→ DATA EXCERPTS

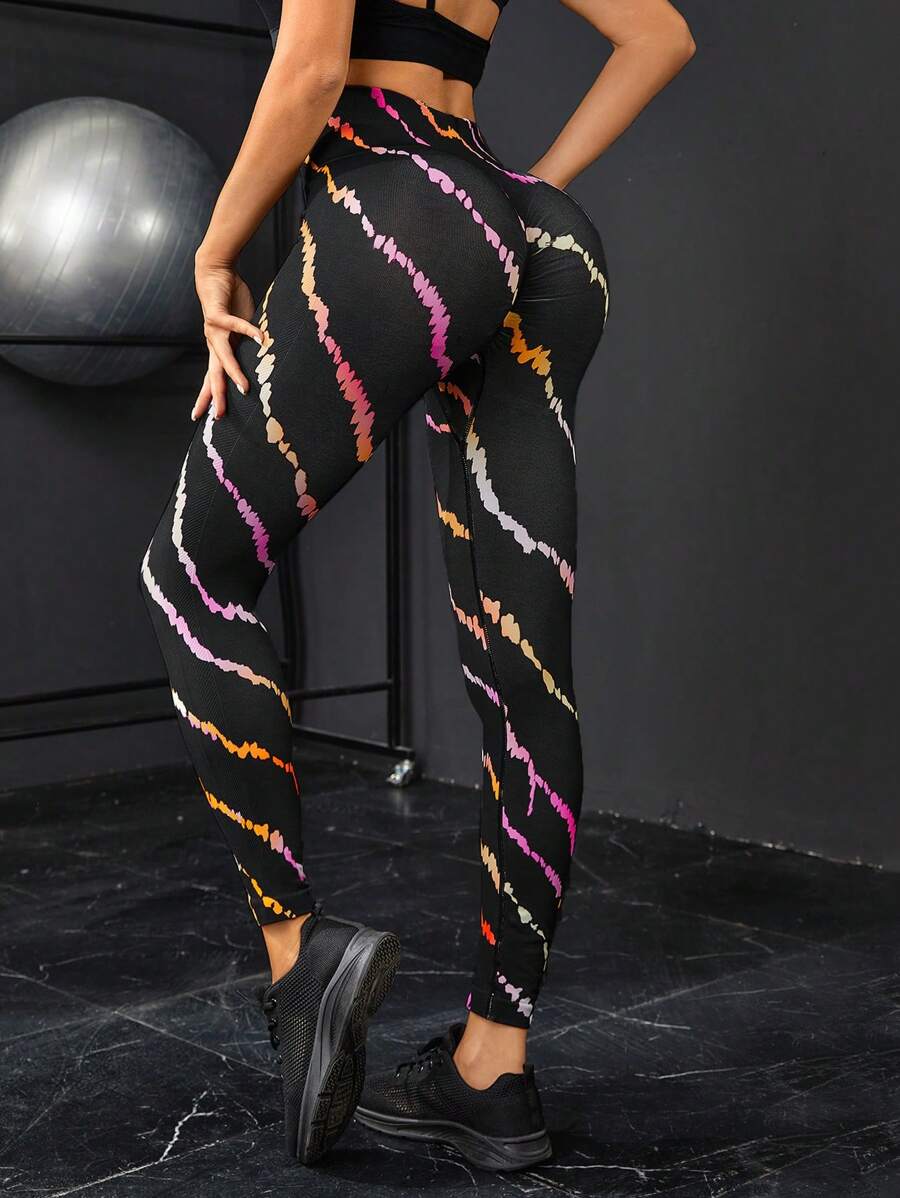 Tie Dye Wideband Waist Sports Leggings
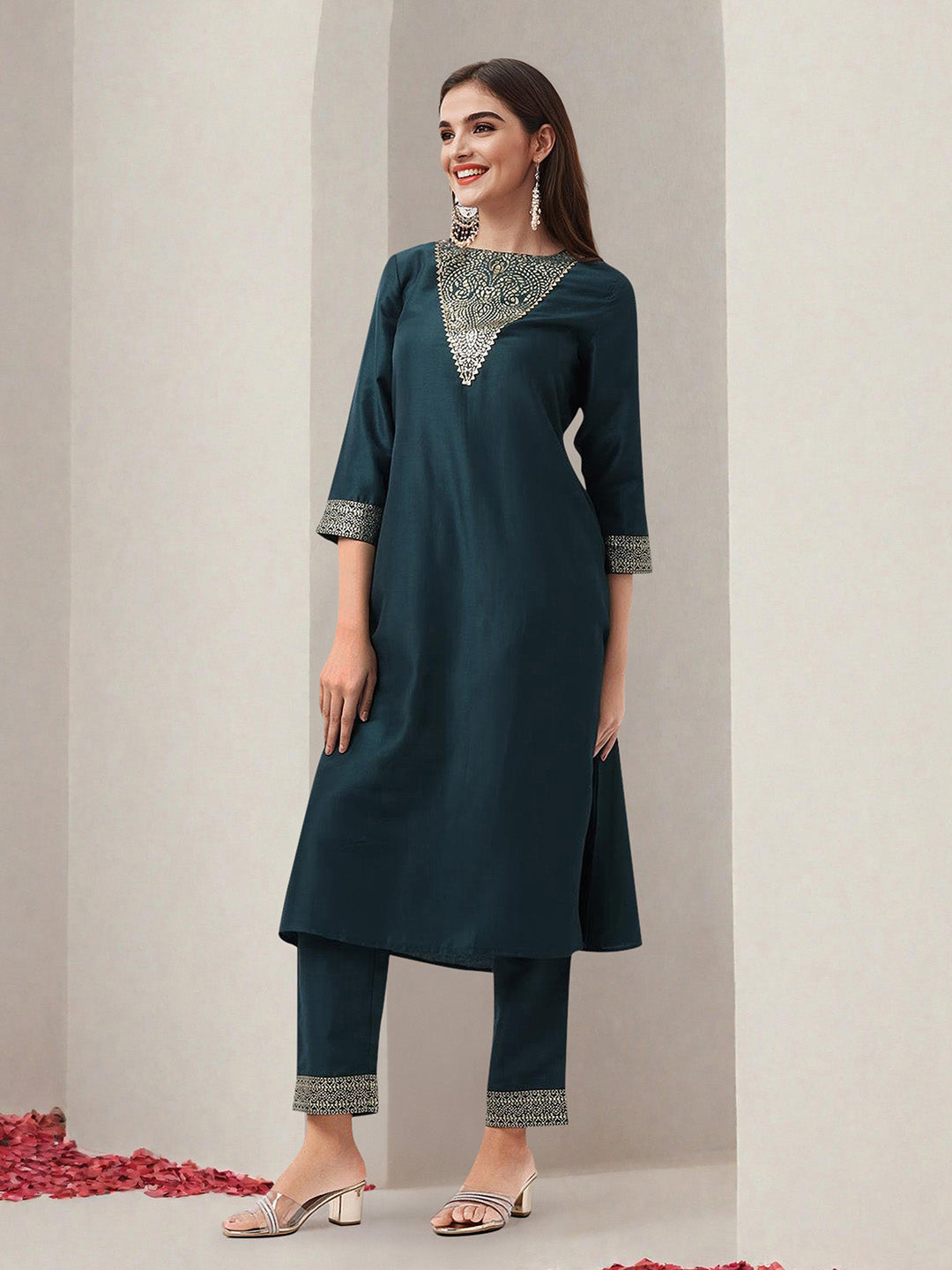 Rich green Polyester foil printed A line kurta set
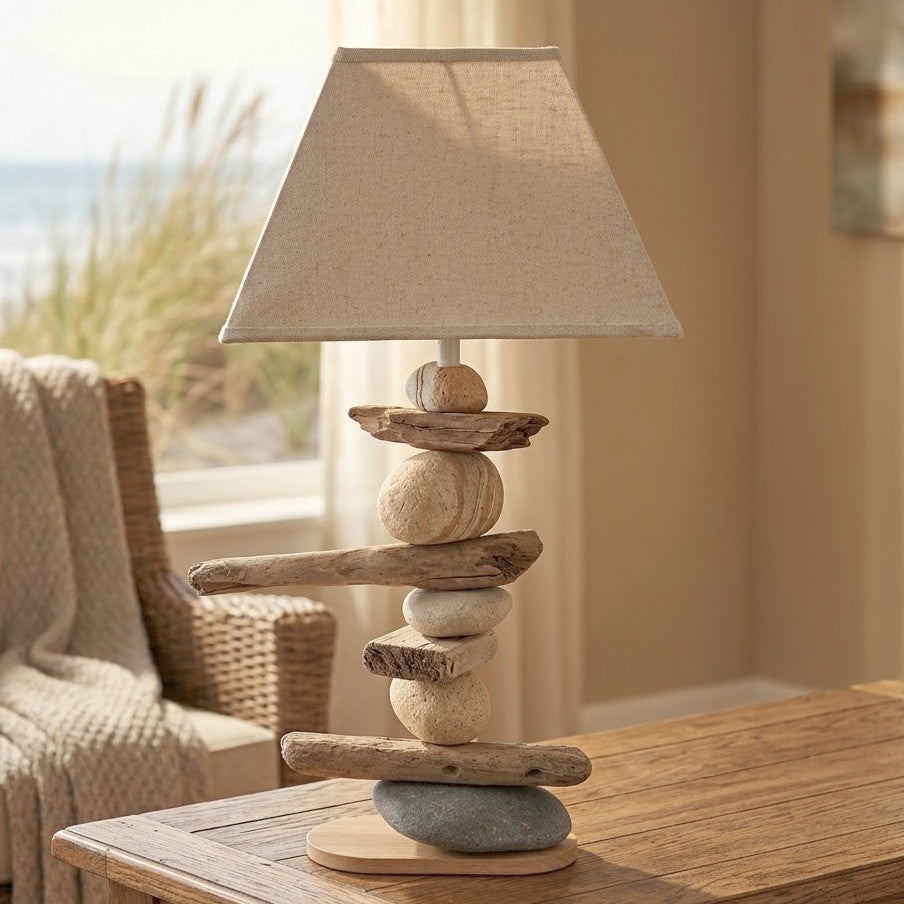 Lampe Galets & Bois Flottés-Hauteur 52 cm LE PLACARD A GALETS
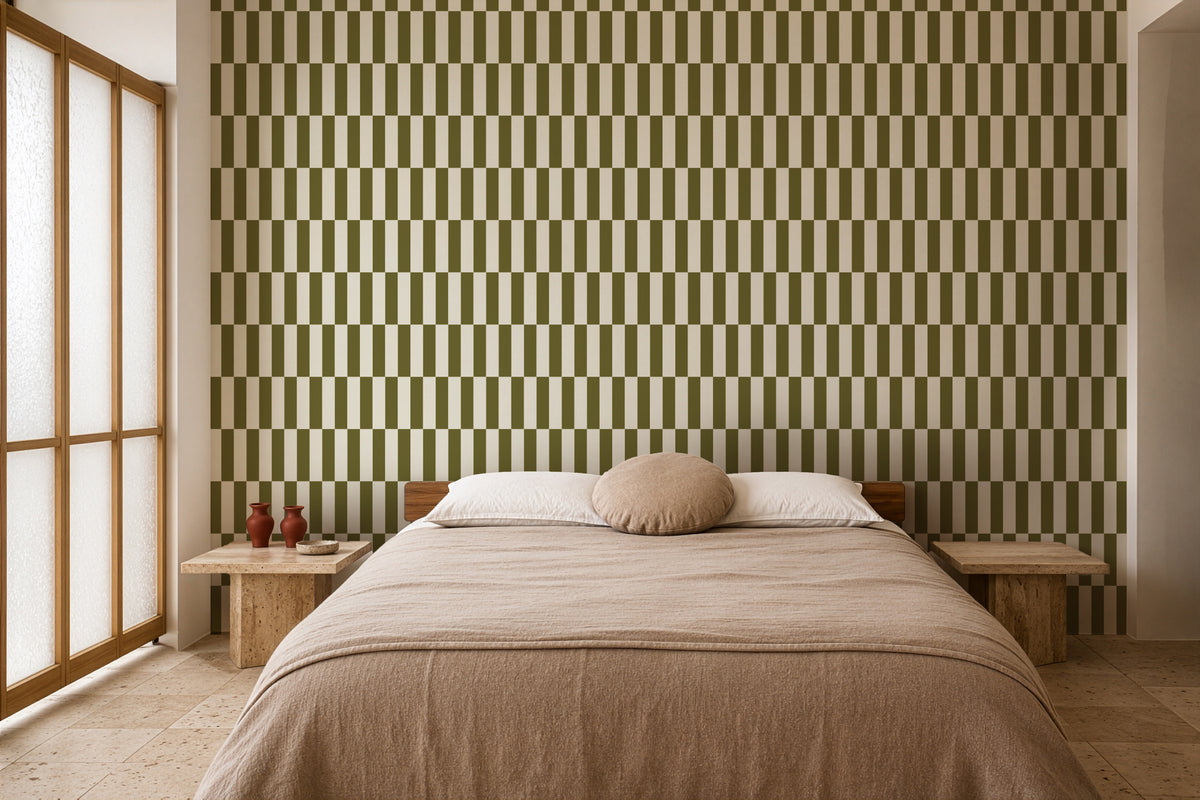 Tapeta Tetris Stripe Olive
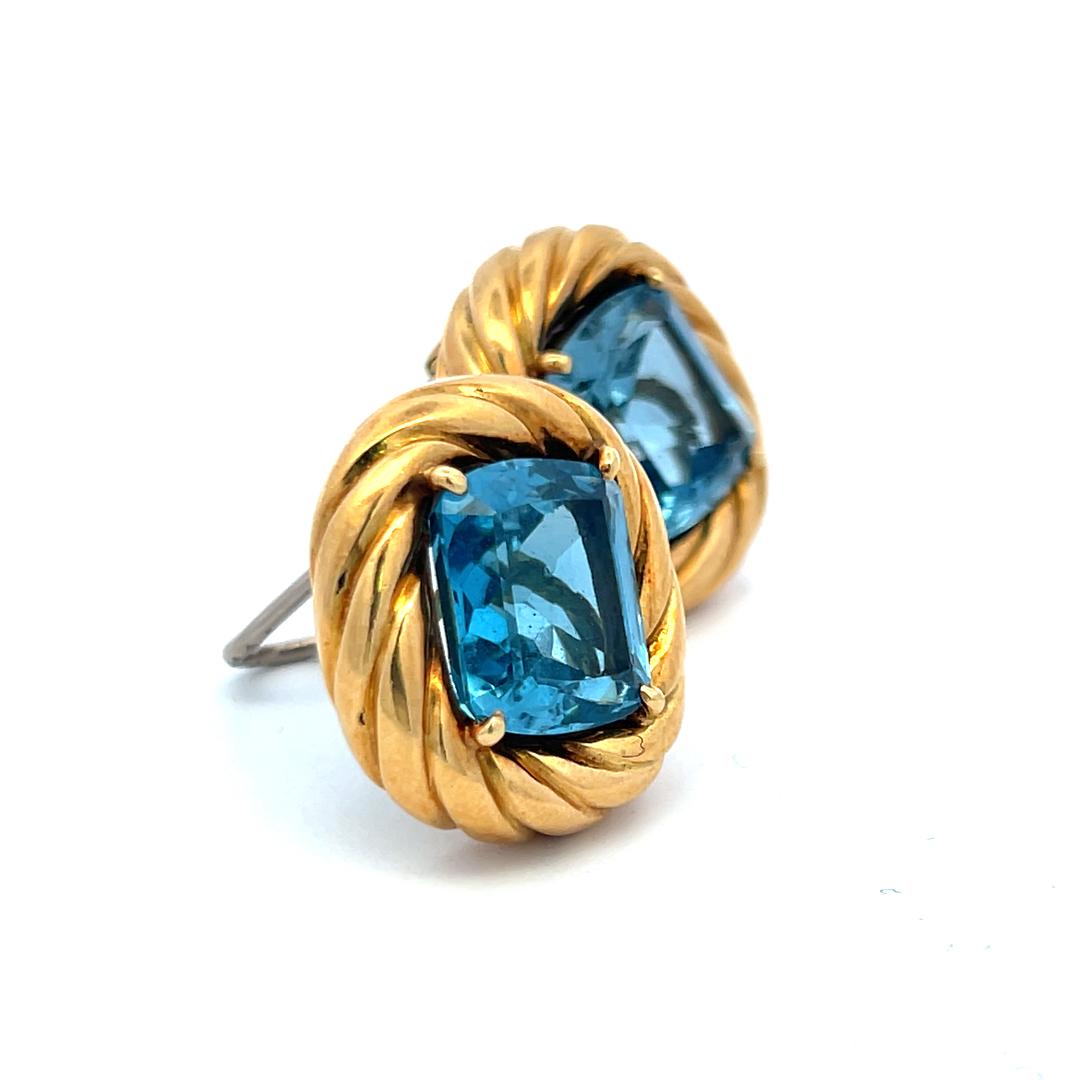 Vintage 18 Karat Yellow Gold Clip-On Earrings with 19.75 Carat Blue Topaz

→ WHAT IS EXPECTED
Without the pictures, write out the whole listing exactly as it appears.

→ RESPONSE FOR THIS EXERCISE
 Tie Dye Wideband Waist Sports Leggings
 Rich green Polyester foil printed A line kurta set
 Lampe Galets & Bois Flottés-Hauteur 52 cm LE PLACARD A GALETS
 Tapeta Tetris Stripe Olive
 Vintage 18 Karat Yellow Gold Clip-On Earrings with 19.75 Carat Blue Topaz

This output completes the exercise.